I have no desire to sue, but given how the government these days is trying to control personal behavior, I could probably get a class action suit up among people of my age who have heart disease, diabetes, and who are overweight.
Don’t get me wrong. I have no qualms with what’s going on in school cafeterias these days especially in Manteca Unified. What I do have a problem with is the extreme that the government-knows-best-crowd is taking all of this.

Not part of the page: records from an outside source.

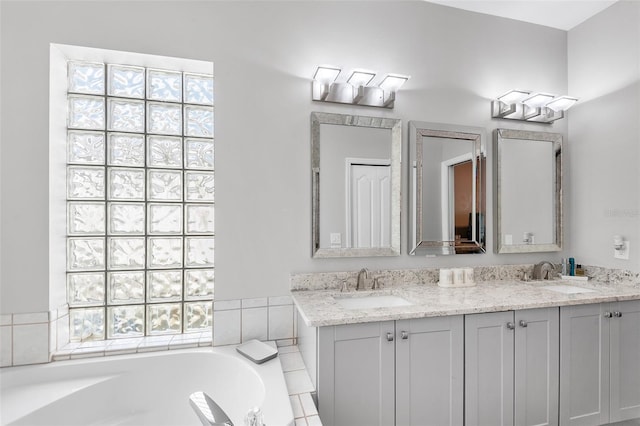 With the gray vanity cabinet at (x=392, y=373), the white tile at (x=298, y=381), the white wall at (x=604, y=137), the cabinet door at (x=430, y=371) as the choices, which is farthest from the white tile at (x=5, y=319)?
the white wall at (x=604, y=137)

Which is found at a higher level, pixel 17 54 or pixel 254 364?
pixel 17 54

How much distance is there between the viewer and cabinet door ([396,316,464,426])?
1423 mm

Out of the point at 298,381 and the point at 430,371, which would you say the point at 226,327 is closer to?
the point at 298,381

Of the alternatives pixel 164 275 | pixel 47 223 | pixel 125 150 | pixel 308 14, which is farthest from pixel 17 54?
pixel 308 14

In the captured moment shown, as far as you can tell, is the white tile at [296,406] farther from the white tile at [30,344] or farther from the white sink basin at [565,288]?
the white sink basin at [565,288]

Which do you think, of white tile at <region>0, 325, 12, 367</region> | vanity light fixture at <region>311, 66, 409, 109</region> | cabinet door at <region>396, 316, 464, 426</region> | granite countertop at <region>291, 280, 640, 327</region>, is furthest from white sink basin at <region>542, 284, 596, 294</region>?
white tile at <region>0, 325, 12, 367</region>

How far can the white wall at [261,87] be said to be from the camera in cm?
155

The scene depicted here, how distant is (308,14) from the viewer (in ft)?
6.24

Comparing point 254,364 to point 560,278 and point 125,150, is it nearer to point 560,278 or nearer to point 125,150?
point 125,150

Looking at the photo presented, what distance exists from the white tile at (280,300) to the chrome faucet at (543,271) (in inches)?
72.4

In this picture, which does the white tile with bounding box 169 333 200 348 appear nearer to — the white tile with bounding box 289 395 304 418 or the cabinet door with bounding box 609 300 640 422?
the white tile with bounding box 289 395 304 418

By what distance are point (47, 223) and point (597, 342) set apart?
3111 millimetres

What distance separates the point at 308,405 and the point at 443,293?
102 cm

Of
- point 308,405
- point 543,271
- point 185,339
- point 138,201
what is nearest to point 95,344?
point 185,339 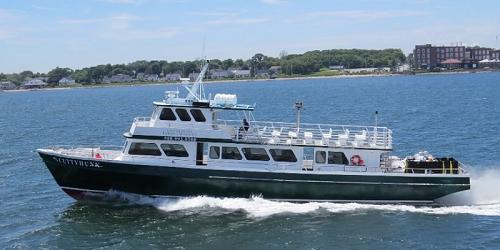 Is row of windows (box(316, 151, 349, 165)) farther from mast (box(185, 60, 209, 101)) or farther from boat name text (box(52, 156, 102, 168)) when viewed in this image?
boat name text (box(52, 156, 102, 168))

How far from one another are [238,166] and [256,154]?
979 mm

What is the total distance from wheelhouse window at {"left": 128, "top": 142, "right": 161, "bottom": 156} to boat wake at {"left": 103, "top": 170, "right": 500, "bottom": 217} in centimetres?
194

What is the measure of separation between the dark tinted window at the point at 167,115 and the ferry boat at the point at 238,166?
4 centimetres

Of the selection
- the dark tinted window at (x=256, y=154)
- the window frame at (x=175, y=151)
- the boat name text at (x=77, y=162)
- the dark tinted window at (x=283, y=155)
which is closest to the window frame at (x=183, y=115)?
the window frame at (x=175, y=151)

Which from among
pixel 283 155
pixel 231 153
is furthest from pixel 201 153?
pixel 283 155

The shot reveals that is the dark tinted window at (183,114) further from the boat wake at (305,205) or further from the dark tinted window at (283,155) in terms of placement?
the dark tinted window at (283,155)

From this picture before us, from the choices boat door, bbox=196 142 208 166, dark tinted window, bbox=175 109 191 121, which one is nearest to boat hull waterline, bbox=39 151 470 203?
boat door, bbox=196 142 208 166

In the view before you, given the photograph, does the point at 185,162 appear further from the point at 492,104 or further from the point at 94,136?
the point at 492,104

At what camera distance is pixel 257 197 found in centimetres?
2628

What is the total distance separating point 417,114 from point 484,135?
64.0 feet

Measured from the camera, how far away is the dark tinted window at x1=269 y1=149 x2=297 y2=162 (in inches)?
1048

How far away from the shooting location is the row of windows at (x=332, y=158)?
26703 mm

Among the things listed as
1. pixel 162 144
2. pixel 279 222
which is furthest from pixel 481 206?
pixel 162 144

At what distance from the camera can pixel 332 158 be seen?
26.8 metres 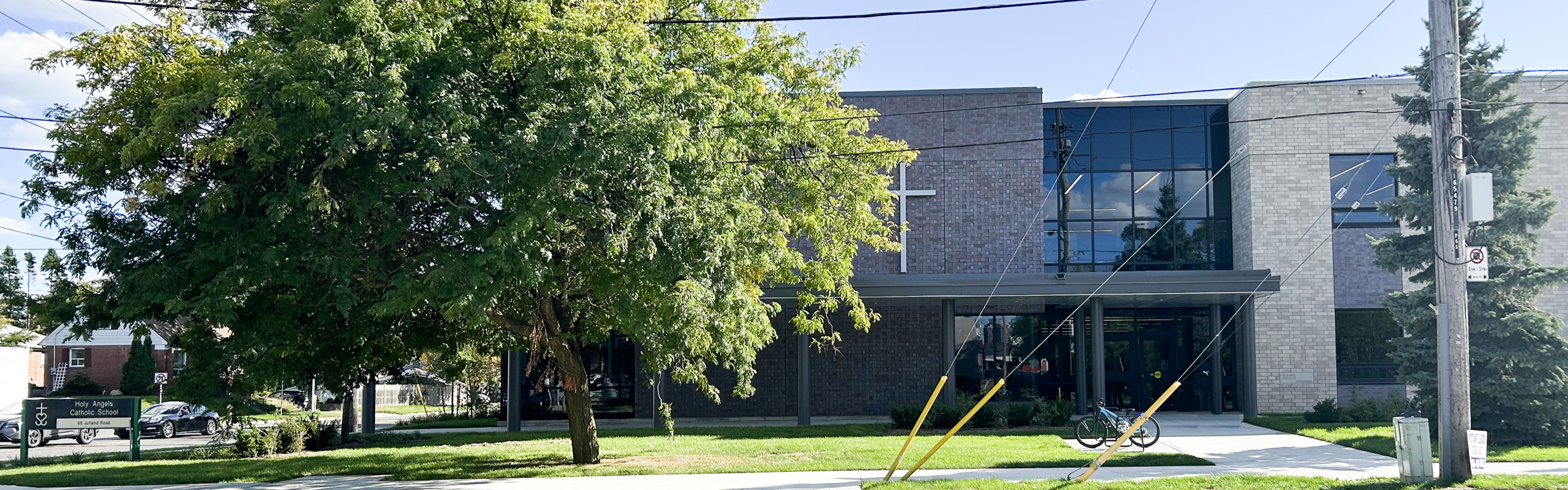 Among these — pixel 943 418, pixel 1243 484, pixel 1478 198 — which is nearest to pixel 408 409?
pixel 943 418

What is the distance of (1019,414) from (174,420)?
23.7m

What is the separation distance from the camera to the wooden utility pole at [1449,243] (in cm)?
1291

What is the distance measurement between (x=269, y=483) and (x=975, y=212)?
17244 millimetres

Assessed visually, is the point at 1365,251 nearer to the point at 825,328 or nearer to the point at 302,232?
the point at 825,328

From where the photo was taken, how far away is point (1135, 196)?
2697cm

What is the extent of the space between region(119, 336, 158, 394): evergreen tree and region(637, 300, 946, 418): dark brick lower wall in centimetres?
3545

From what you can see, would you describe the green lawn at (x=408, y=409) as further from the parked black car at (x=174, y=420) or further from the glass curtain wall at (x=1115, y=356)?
the glass curtain wall at (x=1115, y=356)

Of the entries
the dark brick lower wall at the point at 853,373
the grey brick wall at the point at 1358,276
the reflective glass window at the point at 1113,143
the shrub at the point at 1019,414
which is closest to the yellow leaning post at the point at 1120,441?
the shrub at the point at 1019,414

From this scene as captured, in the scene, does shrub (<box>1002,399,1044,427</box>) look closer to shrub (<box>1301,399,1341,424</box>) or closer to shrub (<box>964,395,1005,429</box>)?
shrub (<box>964,395,1005,429</box>)

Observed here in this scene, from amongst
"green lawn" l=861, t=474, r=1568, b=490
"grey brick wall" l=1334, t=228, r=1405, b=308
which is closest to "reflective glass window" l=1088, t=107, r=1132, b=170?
"grey brick wall" l=1334, t=228, r=1405, b=308

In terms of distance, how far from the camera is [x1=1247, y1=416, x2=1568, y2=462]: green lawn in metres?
15.6

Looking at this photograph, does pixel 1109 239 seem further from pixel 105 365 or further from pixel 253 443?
pixel 105 365

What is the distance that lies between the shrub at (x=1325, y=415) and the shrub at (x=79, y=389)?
48.9 metres

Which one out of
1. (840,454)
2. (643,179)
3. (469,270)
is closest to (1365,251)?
(840,454) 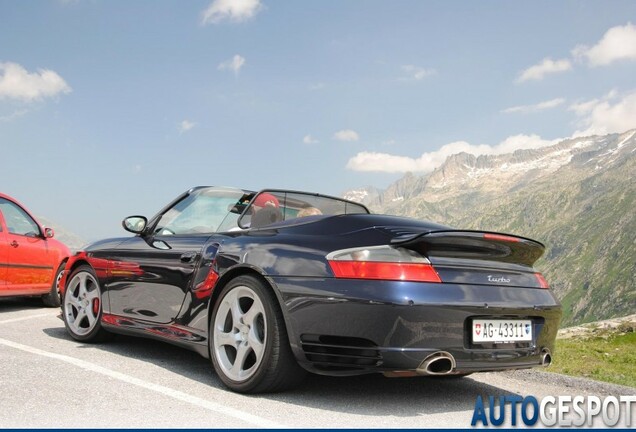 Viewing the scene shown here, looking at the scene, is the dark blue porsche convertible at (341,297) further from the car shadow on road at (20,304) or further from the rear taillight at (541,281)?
the car shadow on road at (20,304)

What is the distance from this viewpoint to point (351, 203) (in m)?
5.61

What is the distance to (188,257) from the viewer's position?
4.93 meters

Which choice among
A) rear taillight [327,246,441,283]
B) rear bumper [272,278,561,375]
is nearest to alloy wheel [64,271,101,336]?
rear bumper [272,278,561,375]

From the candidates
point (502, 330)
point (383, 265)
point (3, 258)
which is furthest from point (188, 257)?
point (3, 258)

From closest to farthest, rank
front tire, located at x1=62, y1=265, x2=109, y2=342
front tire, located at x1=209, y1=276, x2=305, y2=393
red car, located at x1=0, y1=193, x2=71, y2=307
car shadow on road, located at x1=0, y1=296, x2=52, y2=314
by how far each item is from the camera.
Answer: front tire, located at x1=209, y1=276, x2=305, y2=393 → front tire, located at x1=62, y1=265, x2=109, y2=342 → red car, located at x1=0, y1=193, x2=71, y2=307 → car shadow on road, located at x1=0, y1=296, x2=52, y2=314

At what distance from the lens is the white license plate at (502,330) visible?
3.93 metres

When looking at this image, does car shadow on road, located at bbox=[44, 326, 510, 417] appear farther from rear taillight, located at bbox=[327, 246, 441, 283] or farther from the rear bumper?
rear taillight, located at bbox=[327, 246, 441, 283]

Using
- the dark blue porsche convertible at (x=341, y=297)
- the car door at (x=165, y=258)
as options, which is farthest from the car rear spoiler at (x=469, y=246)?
the car door at (x=165, y=258)

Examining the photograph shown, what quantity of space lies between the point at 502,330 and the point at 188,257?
2.31 m

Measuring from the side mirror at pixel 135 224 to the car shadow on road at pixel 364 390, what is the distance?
3.48 ft

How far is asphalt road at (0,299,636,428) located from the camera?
3.57 m

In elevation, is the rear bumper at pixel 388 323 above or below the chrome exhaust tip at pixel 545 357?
above

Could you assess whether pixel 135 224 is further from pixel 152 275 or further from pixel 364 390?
pixel 364 390

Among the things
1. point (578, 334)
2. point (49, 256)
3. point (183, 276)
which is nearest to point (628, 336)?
point (578, 334) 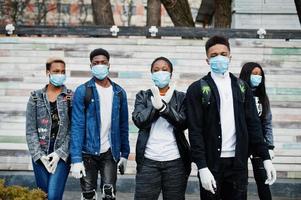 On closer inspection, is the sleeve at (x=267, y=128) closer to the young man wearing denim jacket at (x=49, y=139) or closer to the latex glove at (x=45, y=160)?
the young man wearing denim jacket at (x=49, y=139)

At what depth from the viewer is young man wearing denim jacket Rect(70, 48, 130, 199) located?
5336mm

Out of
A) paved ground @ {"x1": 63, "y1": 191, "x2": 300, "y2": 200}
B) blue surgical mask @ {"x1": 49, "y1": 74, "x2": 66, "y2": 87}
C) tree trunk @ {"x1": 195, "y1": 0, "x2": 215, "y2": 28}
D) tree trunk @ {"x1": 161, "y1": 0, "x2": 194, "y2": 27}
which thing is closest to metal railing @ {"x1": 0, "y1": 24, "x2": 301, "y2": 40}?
tree trunk @ {"x1": 161, "y1": 0, "x2": 194, "y2": 27}

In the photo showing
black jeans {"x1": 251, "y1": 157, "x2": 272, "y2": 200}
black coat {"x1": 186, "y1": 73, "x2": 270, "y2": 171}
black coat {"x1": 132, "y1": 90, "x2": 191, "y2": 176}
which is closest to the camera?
black coat {"x1": 186, "y1": 73, "x2": 270, "y2": 171}

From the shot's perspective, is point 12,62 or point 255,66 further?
point 12,62

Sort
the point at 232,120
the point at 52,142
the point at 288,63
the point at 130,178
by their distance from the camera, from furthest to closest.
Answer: the point at 288,63, the point at 130,178, the point at 52,142, the point at 232,120

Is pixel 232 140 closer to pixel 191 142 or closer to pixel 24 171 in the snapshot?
pixel 191 142

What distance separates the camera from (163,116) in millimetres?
4926

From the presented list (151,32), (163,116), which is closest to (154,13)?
(151,32)

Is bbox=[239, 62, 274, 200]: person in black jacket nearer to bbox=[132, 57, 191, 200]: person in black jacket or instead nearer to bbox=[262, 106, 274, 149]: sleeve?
bbox=[262, 106, 274, 149]: sleeve

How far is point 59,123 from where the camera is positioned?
539 cm

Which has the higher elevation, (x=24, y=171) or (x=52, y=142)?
(x=52, y=142)

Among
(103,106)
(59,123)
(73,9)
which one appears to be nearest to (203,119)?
(103,106)

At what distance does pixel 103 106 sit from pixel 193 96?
41.2 inches

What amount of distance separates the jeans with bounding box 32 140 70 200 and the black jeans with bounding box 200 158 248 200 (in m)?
1.38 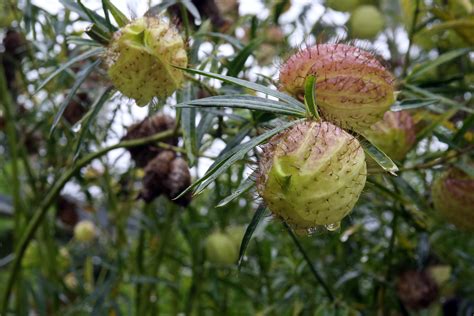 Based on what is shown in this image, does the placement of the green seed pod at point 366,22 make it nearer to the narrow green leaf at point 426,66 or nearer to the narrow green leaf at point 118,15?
the narrow green leaf at point 426,66

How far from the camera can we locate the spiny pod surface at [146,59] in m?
0.71

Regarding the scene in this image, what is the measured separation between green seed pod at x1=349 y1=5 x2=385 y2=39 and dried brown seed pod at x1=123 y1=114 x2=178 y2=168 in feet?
1.80

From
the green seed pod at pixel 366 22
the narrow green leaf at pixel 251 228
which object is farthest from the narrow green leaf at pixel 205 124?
the green seed pod at pixel 366 22

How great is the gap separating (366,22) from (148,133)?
0.63m

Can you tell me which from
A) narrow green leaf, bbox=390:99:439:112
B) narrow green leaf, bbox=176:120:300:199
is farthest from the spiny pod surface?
narrow green leaf, bbox=390:99:439:112

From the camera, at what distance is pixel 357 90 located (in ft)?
2.35

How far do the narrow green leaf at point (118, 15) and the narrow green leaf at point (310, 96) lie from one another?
10.4 inches

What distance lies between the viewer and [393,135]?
900 mm

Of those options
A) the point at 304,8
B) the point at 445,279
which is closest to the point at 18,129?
the point at 304,8

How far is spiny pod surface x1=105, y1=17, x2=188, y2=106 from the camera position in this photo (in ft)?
2.34

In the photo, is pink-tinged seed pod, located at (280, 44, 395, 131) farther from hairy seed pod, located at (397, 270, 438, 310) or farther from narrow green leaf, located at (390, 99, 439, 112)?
hairy seed pod, located at (397, 270, 438, 310)

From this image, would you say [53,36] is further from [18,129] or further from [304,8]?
[304,8]

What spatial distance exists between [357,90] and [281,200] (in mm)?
189

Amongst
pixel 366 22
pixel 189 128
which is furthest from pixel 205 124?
pixel 366 22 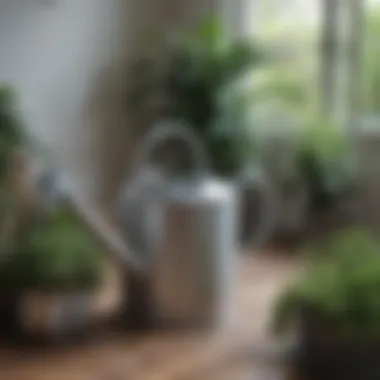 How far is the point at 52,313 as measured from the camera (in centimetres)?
146

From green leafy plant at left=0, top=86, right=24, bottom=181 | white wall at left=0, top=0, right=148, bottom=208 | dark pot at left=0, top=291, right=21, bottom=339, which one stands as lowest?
dark pot at left=0, top=291, right=21, bottom=339

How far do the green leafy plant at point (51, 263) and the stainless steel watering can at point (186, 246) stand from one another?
0.32 ft

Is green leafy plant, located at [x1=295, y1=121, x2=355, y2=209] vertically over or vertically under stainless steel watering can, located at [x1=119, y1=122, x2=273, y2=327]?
over

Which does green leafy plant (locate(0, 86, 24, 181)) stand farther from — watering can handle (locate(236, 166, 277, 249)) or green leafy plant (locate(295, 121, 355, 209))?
green leafy plant (locate(295, 121, 355, 209))

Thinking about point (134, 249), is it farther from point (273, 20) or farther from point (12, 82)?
point (273, 20)

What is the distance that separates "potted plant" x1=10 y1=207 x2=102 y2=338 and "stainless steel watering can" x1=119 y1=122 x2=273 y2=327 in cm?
10

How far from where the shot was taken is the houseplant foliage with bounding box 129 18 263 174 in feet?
7.34

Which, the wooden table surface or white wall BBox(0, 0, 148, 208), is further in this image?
white wall BBox(0, 0, 148, 208)

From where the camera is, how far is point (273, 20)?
8.04 feet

Little Village Academy - a public school in Chicago - has banned sack lunches. Much like forced health care where the government provides everything, all students are required to eat school lunches. If their family doesn’t qualify for free or reduced meals it costs $2.25 a day.
Naturally, the benevolent government agency - the public school - is willing to make exceptions for food allergies or medical issues providing, of course, they have a certified doctor’s note. Just make sure it isn’t from the Wisconsin University physicians who stood on street corners recently in Madison doling out doctors notes saying that teachers playing hooky from their jobs to occupy the state capitol were really physically sick from stress over money.
I obviously have changed my eating habits.
But then again I seriously doubt the government would consider my eating habits healthy which means I wouldn’t be able to bring a sack lunch to Little Village Academy if I were a student there.
My idea of a lunch is the same thing, day in and day out - two apples, a banana, four yogurts, an orange and four to six ounces of almonds.
My dinner at least six nights a week is the same - salad, two Bocca burger patties, four more yogurts, a thing of cottage cheese and an entire broccoli crown. And, yes, I do partake in cookies and have unsuccessfully tried to rot my teeth with Lifesavers.
There is little doubt government health experts would view my diet as unhealthy and that I should have been dead six years ago.
That is especially true when you couple it with my old childhood habits such as having a little cereal with my sugar or what I ended up doing between ages 14 and 30 which was consume about six 16-ounce sodas a day.
Here’s the big surprise. We’re all different. And, the bottom line is even simpler - we’re all supposed to be individuals.
In a way, 1984 has arrived but in a much kinder and gentler format than envisioned.
It makes sense the military is changing how it feeds recruits. It also makes sense schools are working toward nutritional offerings. And yes, it is true you see a lot of kids willingly choose to hit the veggies and salad bar in cafeterias at lunch.
But forcing kids to do that doesn’t teach them to make wise choices or think for themselves. And besides, what is a wise choice? I bet there are nutritionists out there who probably don’t think it is wise for a 55-year-old man to consume at least 8 yogurts a day plus go through the equivalent of three cans of almonds a week.
And while I’m not an athlete by any stretch of the imagination, I’d like to see them argue with my blood pressure that’s typically around 110 over 70, my resting heart rate that’s under 60, and the fact I’ve had only one cavity in my life.
But given the government-approved public school way of feeding me back in the 1960s plus one that made PE not about lifetime exercise but dodge ball and such it is amazing I’m not a 400-pound couch potato.
The point is the government doesn’t always know what’s best. And while I agree with a lot of what is being done today in schools in terms of PE and the cafeteria, that doesn’t mean everyone does.